WHAT IS REQUIRED:
Restate the listing below word for word, pictures excluded.

---------- RECORDS TO PROCESS ----------

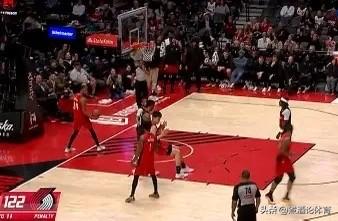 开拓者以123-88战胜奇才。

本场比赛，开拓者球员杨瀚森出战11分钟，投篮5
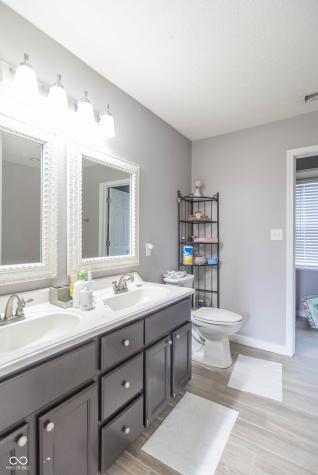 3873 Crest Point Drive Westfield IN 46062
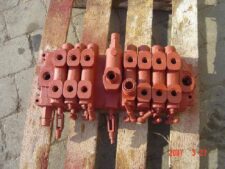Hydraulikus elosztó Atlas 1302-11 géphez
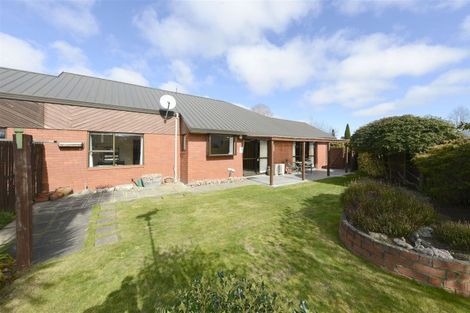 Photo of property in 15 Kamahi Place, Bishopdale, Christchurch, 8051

----------

WORKED SOLUTION:
 开拓者以123-88战胜奇才。

本场比赛，开拓者球员杨瀚森出战11分钟，投篮5
 3873 Crest Point Drive Westfield IN 46062
Hydraulikus elosztó Atlas 1302-11 géphez
 Photo of property in 15 Kamahi Place, Bishopdale, Christchurch, 8051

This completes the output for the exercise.